[Stored entries]
= = =

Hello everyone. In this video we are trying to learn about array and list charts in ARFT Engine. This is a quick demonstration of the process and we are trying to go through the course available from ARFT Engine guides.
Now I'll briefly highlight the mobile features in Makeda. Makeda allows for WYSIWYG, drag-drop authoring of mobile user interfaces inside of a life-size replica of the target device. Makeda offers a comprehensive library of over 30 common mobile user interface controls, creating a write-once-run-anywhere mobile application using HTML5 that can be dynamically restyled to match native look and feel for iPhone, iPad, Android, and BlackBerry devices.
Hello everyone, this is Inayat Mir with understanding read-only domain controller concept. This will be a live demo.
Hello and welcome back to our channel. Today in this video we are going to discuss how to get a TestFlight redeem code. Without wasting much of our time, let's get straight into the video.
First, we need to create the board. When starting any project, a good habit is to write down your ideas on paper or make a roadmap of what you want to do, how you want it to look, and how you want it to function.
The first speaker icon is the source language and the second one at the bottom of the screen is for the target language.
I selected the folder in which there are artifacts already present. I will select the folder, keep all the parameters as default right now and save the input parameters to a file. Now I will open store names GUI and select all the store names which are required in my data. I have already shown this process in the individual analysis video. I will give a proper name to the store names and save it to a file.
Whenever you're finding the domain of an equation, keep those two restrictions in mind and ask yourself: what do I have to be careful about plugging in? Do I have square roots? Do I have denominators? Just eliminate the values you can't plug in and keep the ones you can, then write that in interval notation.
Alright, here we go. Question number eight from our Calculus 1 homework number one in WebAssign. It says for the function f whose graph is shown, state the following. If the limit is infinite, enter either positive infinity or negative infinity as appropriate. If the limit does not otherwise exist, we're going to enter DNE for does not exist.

= = =

What the task requires: Please output exactly the lines from the one containing "I selected the" through the end of the records, both included.

Result of the task:
I selected the folder in which there are artifacts already present. I will select the folder, keep all the parameters as default right now and save the input parameters to a file. Now I will open store names GUI and select all the store names which are required in my data. I have already shown this process in the individual analysis video. I will give a proper name to the store names and save it to a file.
Whenever you're finding the domain of an equation, keep those two restrictions in mind and ask yourself: what do I have to be careful about plugging in? Do I have square roots? Do I have denominators? Just eliminate the values you can't plug in and keep the ones you can, then write that in interval notation.
Alright, here we go. Question number eight from our Calculus 1 homework number one in WebAssign. It says for the function f whose graph is shown, state the following. If the limit is infinite, enter either positive infinity or negative infinity as appropriate. If the limit does not otherwise exist, we're going to enter DNE for does not exist.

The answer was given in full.